Alex Abramovich suggests that if Robert Johnson had gone to Chicago and recorded for Chess Records ‘we’d probably know where he was buried’ (LRB, 6 October). The most recent evidence would indicate that we do, in fact, know where he ended up. After years of speculation prompted by an ambiguous death certificate and competing claims by small Baptist churches in Mississippi hoping to gain some recognition and support, Johnson’s undertaker, Paul McDonald, was identified, and the detailed records he kept indicate that Johnson was buried at Little Zion Baptist Church in Greenwood, Mississippi. In their biography Up Jumped the Devil: The Real Life of Robert Johnson, Bruce Conforth and Gayle Dean Wardlow note the testimony of a woman whose husband helped to dig the grave.

Victor Reus
San Francisco

Alex Abramovich rightly laments the poor quality of Paramount’s recordings of Robert Johnson, caused by the shellac ingredient made from river mud, but an even more basic problem was their inferior ‘electrical recording process’, as touted on their label. It was a well-known joke in the business that the miraculous recording process consisted of nothing more than a lightbulb in the studio.

Jim Carmichael
Greensboro, North Carolina

I was surprised to learn, reading Alex Abramovich’s piece on Robert Johnson, that ‘I Believe I’ll Dust My Broom’ may have been ‘written in an open A tuning apparently original to Johnson’. The younger Mississippi bluesman Elmore James (who, as Abramovich notes, reshaped American music with his electrified cover of ‘Dust My Broom’) used an open D or E tuning.
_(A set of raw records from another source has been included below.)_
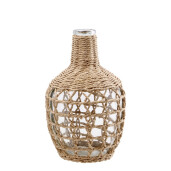 Vaza flori sticla fibre naturale natur  18 x 30 cm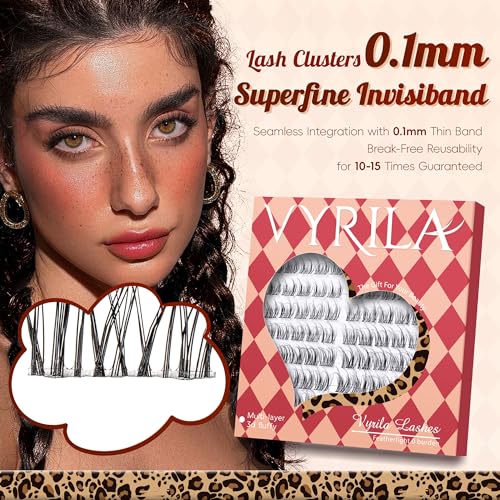 Lash Clusters 0.05mm PBT Fiber Eyelash Clusters, 0.1mm Superfine Invisiband D Curl Diy Lash Extension, 80pcs 8-16mm Individual Lashes Clusters Like Eyelash Extensions (Divine-D-8-16Mix)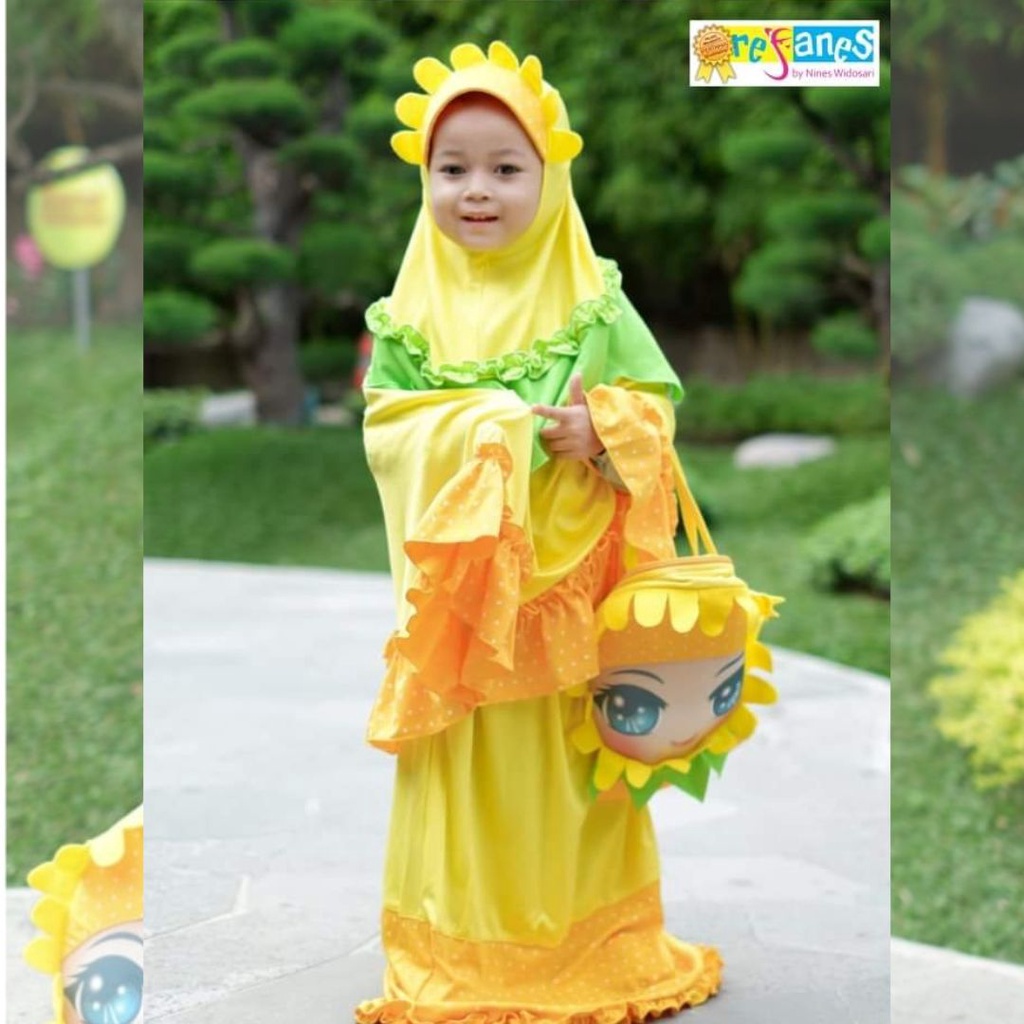 Mukena Anak Karakter Sun Flower//Mukena Bunga Matahari By Refanes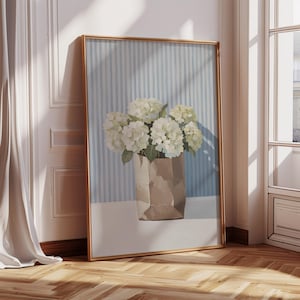 White Hydrangea Flower Framed Wall Art, Modern Southern Floral Art Feminine Botanical Decor, Hydrangea Painting Print, Blue Green Decor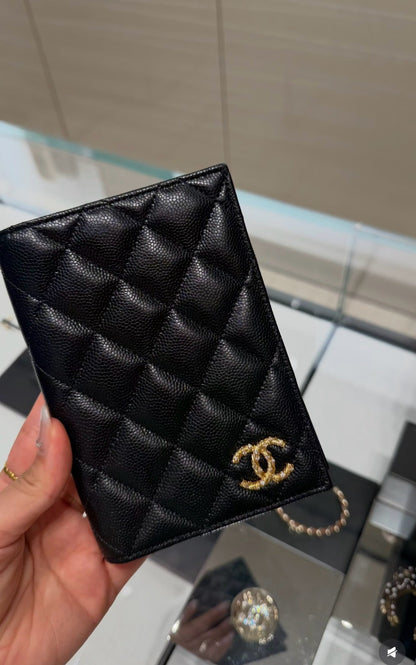 Chanel | Coco 雙C護照夾 黑色 荔枝牛皮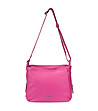 Дамска кожена чанта от естествена кожа в розово Makena-3 снимка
Regarding the original ‘Dust My Broom’, experts apparently continue to disagree: Bruce Conforth and Gayle Dean Wardlow say that Johnson used ‘what was probably open E tuning’, while Dave Rubin and Edward Komara conclude (on the basis of ‘trying tuning after tuning’) that he used an original ‘Aadd9 tuning’. The persistent uncertainty adds another dimension to Johnson’s elusiveness.